TASK STATEMENT.
Copy all records exactly; omit pictures.

** Opening RECORDS TO PROCESS block **

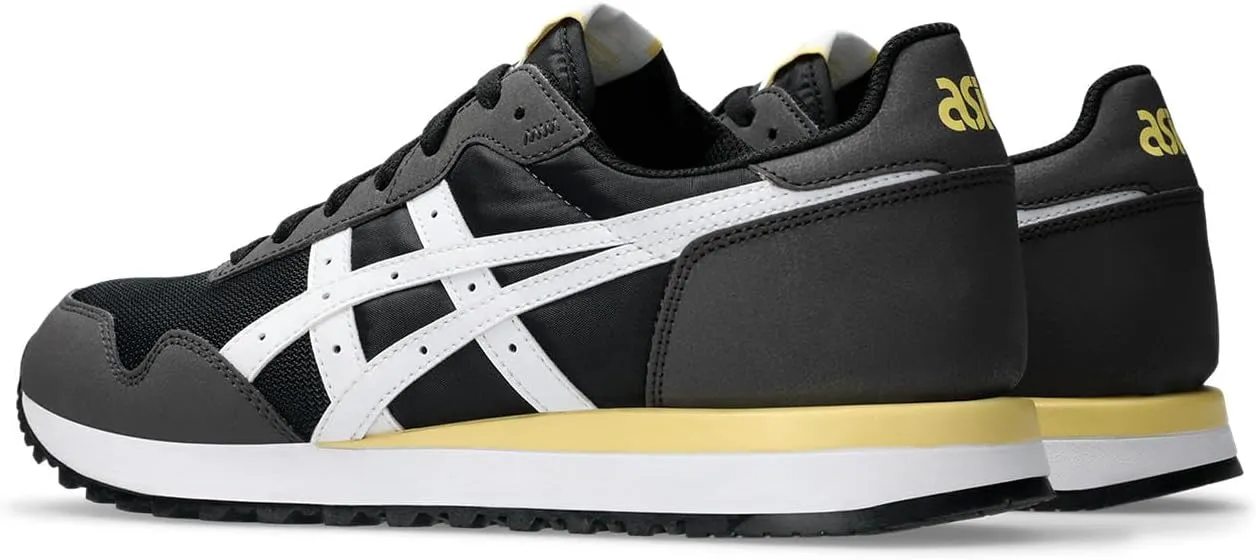 Asics Men's Walking Sportstyle Shoes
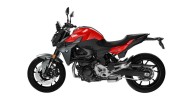 Moto - News: BMW Motorrad: ecco le colorazioni 2024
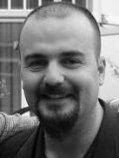 Georgios A. Antonopoulos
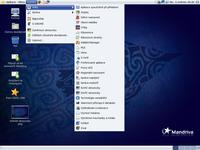 mandriva linux 2009.1 spring 20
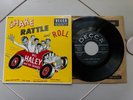 Bill Haley 7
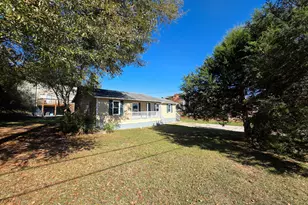 531 Old Stone Rd, Villa Rica, GA 30180 - Photo 2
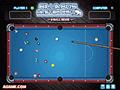 Guru billiards upang i-play sa online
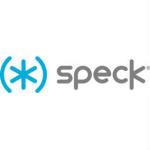 Speck Products Promo Codes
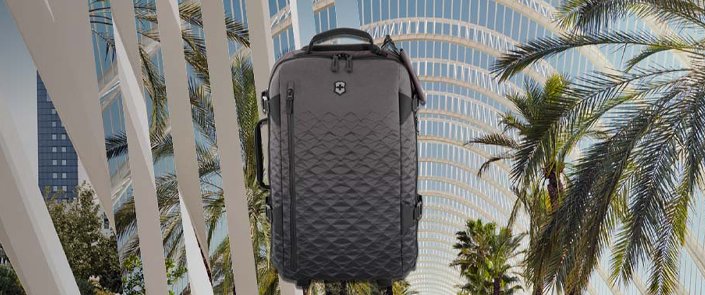 Victorinox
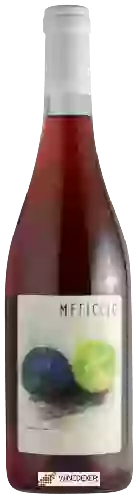 Domaine La Distesa - Meticcio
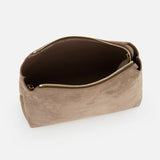Lina Medium Crossbody Bag (14730285842795)
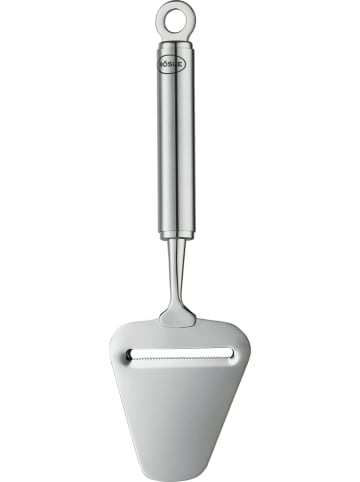 Rösle Nóż do sera - dł. 24 cm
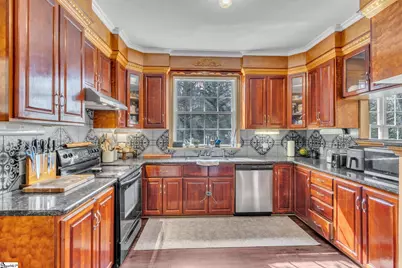 318 Saranac Drive, Spartanburg, SC 29307 - Photo 7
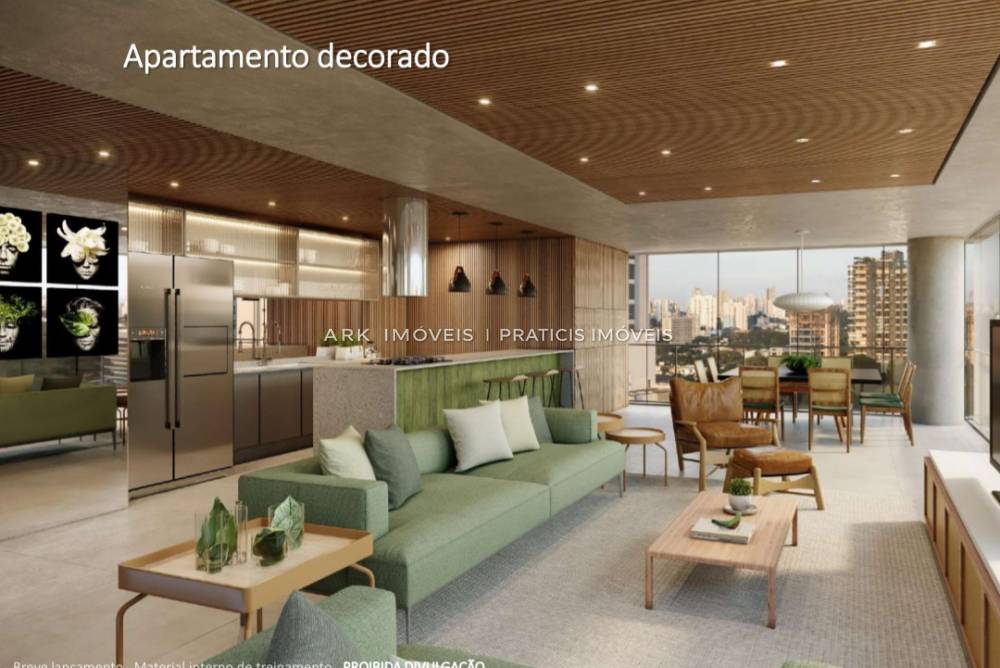 Apartamento à venda na Rua Luís MolinaChácara Klabin - apartamento-chacara-klabin-sao-paulo-sp-104958-16.jpeg
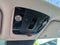 2023 Kia K5 EX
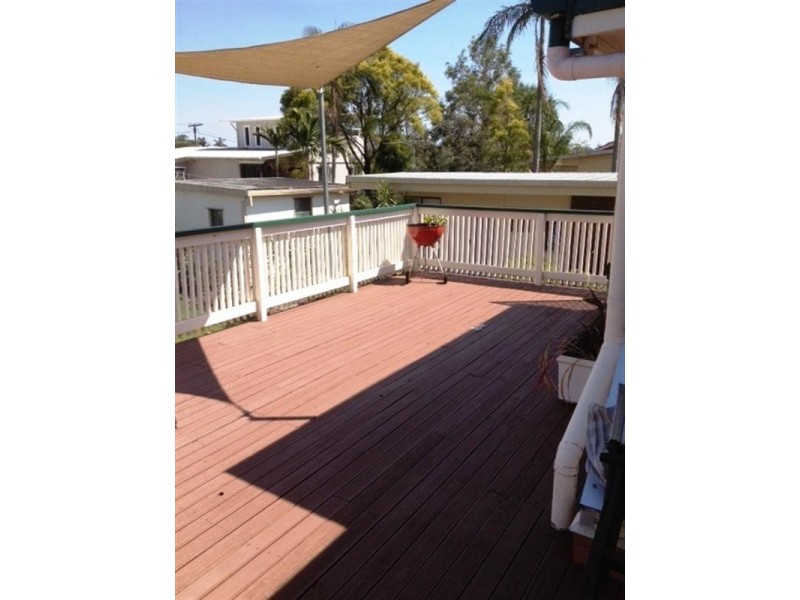 Cannon Hill QLD 4170
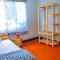 Arusha Jua Eco Home- on coffee farm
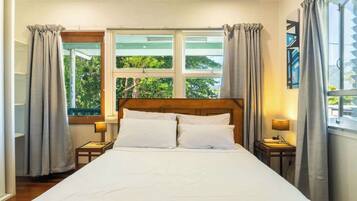 3 camere, ferro/asse da stiro, Wi-Fi, lenzuola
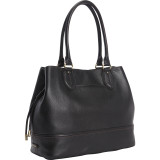 Reiley Tote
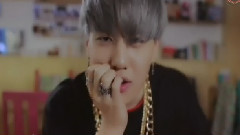 Yugyeom Birthday 1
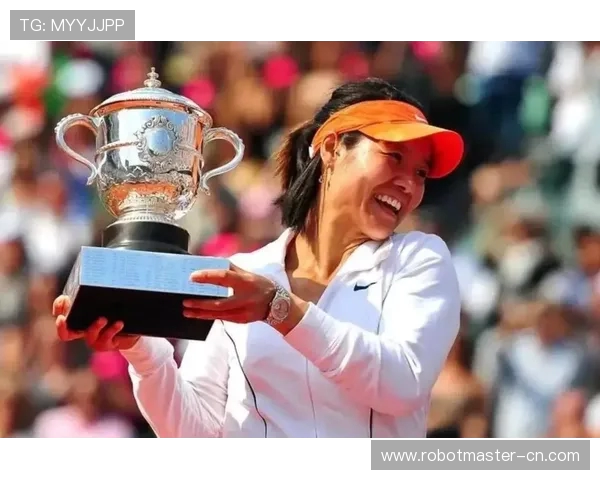 成都网球队以74分领跑大满贯积分榜展现强劲实力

** Closing RECORDS TO PROCESS block **

SOLUTION TO THIS EXERCISE.
 Asics Men's Walking Sportstyle Shoes
 Moto - News: BMW Motorrad: ecco le colorazioni 2024
 Georgios A. Antonopoulos
 mandriva linux 2009.1 spring 20
 Bill Haley 7
 531 Old Stone Rd, Villa Rica, GA 30180 - Photo 2
 Guru billiards upang i-play sa online
 Speck Products Promo Codes
 Victorinox
 Domaine La Distesa - Meticcio
Lina Medium Crossbody Bag (14730285842795)
 Rösle Nóż do sera - dł. 24 cm
 318 Saranac Drive, Spartanburg, SC 29307 - Photo 7
 Apartamento à venda na Rua Luís MolinaChácara Klabin - apartamento-chacara-klabin-sao-paulo-sp-104958-16.jpeg
 2023 Kia K5 EX
 Cannon Hill QLD 4170
 Arusha Jua Eco Home- on coffee farm
 3 camere, ferro/asse da stiro, Wi-Fi, lenzuola
 Reiley Tote
 Yugyeom Birthday 1
 成都网球队以74分领跑大满贯积分榜展现强劲实力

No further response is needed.